Mind-reading and the Library Search

Most searchers have experienced the following at least once:

  • You go into the library
  • You pick a database
  • You search for your topic

But nothing comes up.

Why does that happen? Most of the time it’s because the keywords you have chosen don’t match exactly with the keywords the authors have used in their articles.

To search the library databases well, you have to become a bit of a mind-reader. Think about the words and phrases an author probably used, and look for those. Here are some tips to help you do that:

Use the most current jargon in your field. Being familiar with the field and looking at the terms used in your course readings can help you pick the right keywords.

  • Terminology can change over time, and scholars will typically be using the most currently accepted terms. Are today’s authors typically using Manic Depression or Bipolar Disorder?
  • Sometimes there will be overlap between terms, with more than one accepted term in use. For example, either Aspergers or Autism Spectrum Disorder.
  • The current jargon of your field may not match common, everyday speech. Think incarceration instead of jail.

Avoid phrases. Every extra word will limit your results.

  • Only use multiword phrases if they are a specific, acknowledged term: United States is okay, “increasing enrollment” is not.
  • Break up phrases into the different concepts that make them up. Elementary school teachers is actually two concepts: elementary (level of school) and teacher (profession).
  • Remember: most phrases can be written many different ways. When you use a phrase, you are limiting your search to only one way to say the same thing. (I can skin the cat many ways. There are many ways to skin a cat. He found one way out of many to skin a cat.)

Search alternative terms. Sometimes there are multiple keywords that mean very similar things. Use or to link alternative terms in your search box.

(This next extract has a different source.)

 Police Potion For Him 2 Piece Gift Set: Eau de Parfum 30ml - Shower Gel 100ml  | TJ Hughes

  • Look at the books and articles you already have to identify other useful keywords.
  • Brainstorm broader or narrower keywords. When you want to find effects of the economic recession, you’ll have an easier time if you list out those specific effects as keywords: job loss or unemployment or consumer confidence or foreclosure . . .

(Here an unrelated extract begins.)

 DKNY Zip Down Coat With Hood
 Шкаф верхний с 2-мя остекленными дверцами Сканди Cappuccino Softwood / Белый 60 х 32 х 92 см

To succeed at any of these techniques, you have to try to get in the mind of scholarly authors. What might they be saying? What kind of articles are they writing? What terms will they be using?

You may not really be a mind-reader, but trying to imagine what you’re searching for can help you find it.

– Erin


Comment from Erika
Time February 24, 2009 at 3:08 pm

Another tip if nothing comes up — check your spelling! The databases are very precise.